*Input material*:
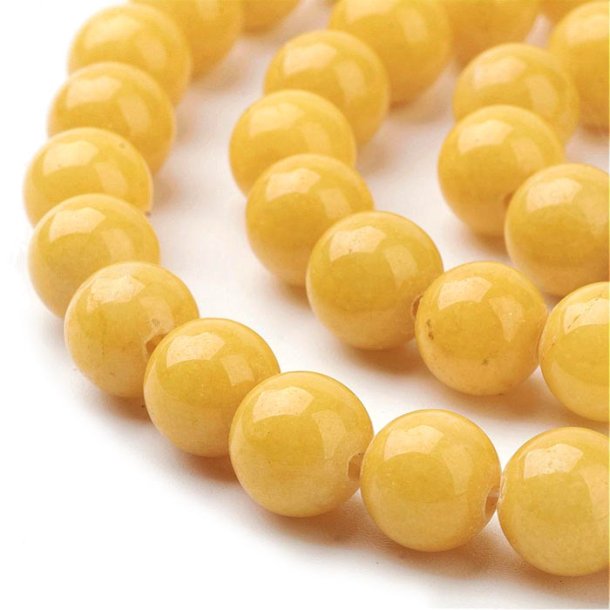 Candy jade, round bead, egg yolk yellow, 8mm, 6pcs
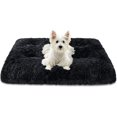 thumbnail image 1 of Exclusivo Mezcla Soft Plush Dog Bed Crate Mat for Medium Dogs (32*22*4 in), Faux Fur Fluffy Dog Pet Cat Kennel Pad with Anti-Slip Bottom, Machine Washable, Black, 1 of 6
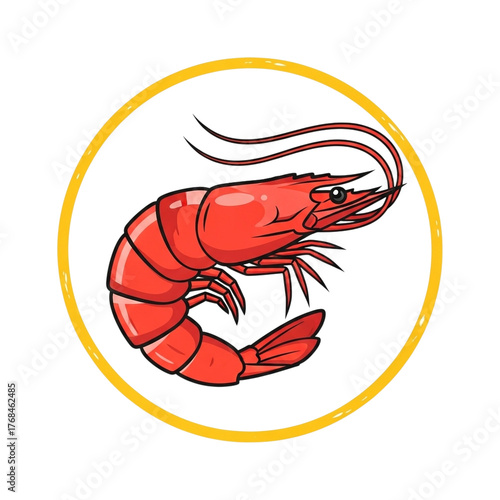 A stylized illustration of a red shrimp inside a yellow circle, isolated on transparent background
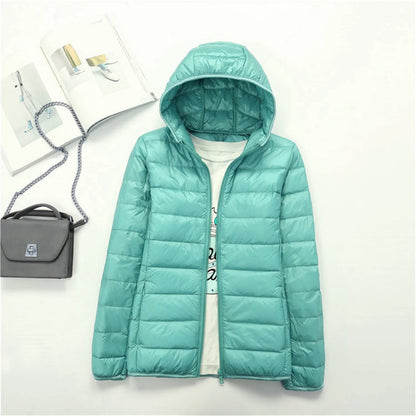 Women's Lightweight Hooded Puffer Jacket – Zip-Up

* * *

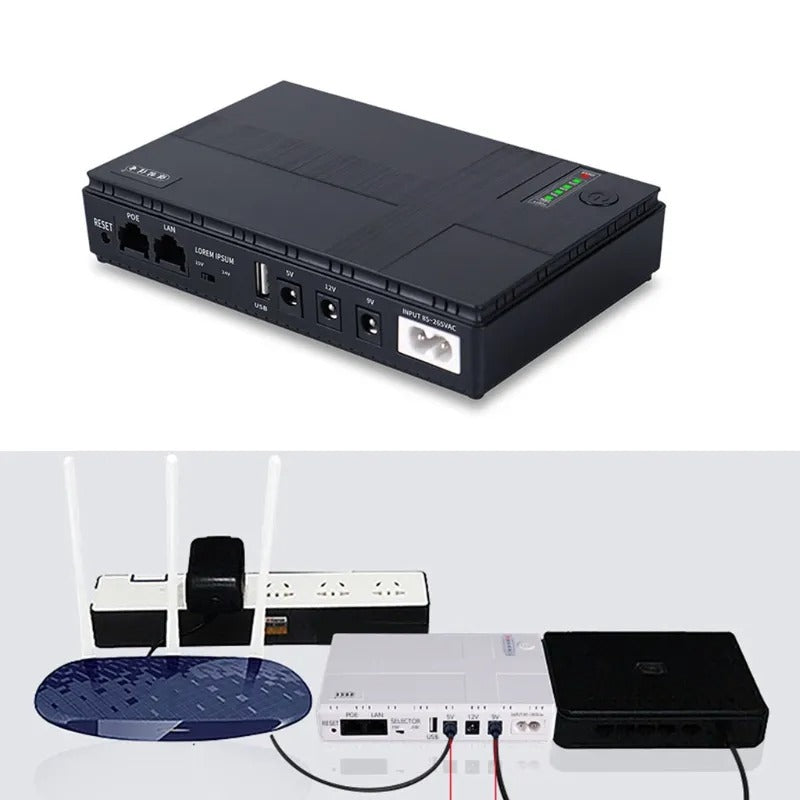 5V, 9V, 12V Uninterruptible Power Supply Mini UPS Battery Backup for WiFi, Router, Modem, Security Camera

*Description of the task*: In the entries above, find the line that contains "Candy jade, round" and the line that contains "Women's Lightweight Hooded". Reproduce exactly those two lines and every line between them, but not the pictures.

*Written response*:
 Candy jade, round bead, egg yolk yellow, 8mm, 6pcs
 thumbnail image 1 of Exclusivo Mezcla Soft Plush Dog Bed Crate Mat for Medium Dogs (32*22*4 in), Faux Fur Fluffy Dog Pet Cat Kennel Pad with Anti-Slip Bottom, Machine Washable, Black, 1 of 6
 A stylized illustration of a red shrimp inside a yellow circle, isolated on transparent background
 Women's Lightweight Hooded Puffer Jacket – Zip-Up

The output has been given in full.